Thursday, August 24, 2006

Johnny Cash, Branding and Jesus
Fast Company's weblog had a good article last week about Johnny Cash and Rick Rubin's collaboration that has essentially become the

re-invigorating [of] a classic brand...

...He was talented enough to play it both ways. He was a hard livin’, old school tough guy. ... [then] a song or two later he could break out a spiritual, perhaps something like “Daddy Sang Bass.”

If anything, it proved he could do anything...

And there’s the business lesson: if your product is genuinely good, you don’t have to (and shouldn’t) worry about doing the cool thing. Cash knew about branding, even if it wasn’t called that at when he started.
Good insights into business and branding. Perhaps one of the reasons the "re-branding" of the Church has been in trouble in many areas is that the original "branding" has lost it's ability to keep the "cool" or better- the attractiveness. But the real message that we need to be looking at- the real brand- is not the church. It's Jesus. I have a hunch that He would be able to be just as cool today as he was before.

Which means, I'm afraid, a lot less popular than we think he should be. The Real Message of Jesus was not all that cool 2000 years ago.

Just a thought.
Update: I have been listening to the latest album, American V: A Hundred Highways again and again recently. The more I listen, the more I am impressed not just by Cash but by Rick Rubin's loving and caring arrangements. I'm not sure it's better than American IV: The Man Comes Around, but it is so different a style.
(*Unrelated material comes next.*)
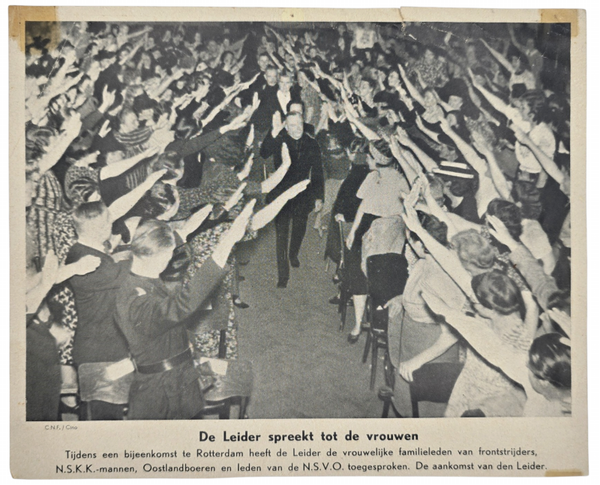 Original WW2 Dutch Collborarion NSB Bilderdienst Press Photo - Anton Mussert speaks to the women, Rotterdam (1944)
It is truly a remarkable album.
Now, Here's A Brand Problem
This is a NO COMMENT.
New Restaurant Bears Hitler's Name
By AIJAZ ANSARI Associated Press Writer

BOMBAY, India (AP) -- When a restaurant called "Hitler's Cross" opened four days ago in a Bombay suburb, the city's small Jewish community was outraged, but there were few other objections.

Owner Puneet Sablok insisted then - and still does - that the name and theme of his new eatery is only meant to attract attention, with its posters of Adolf Hitler and swastikas.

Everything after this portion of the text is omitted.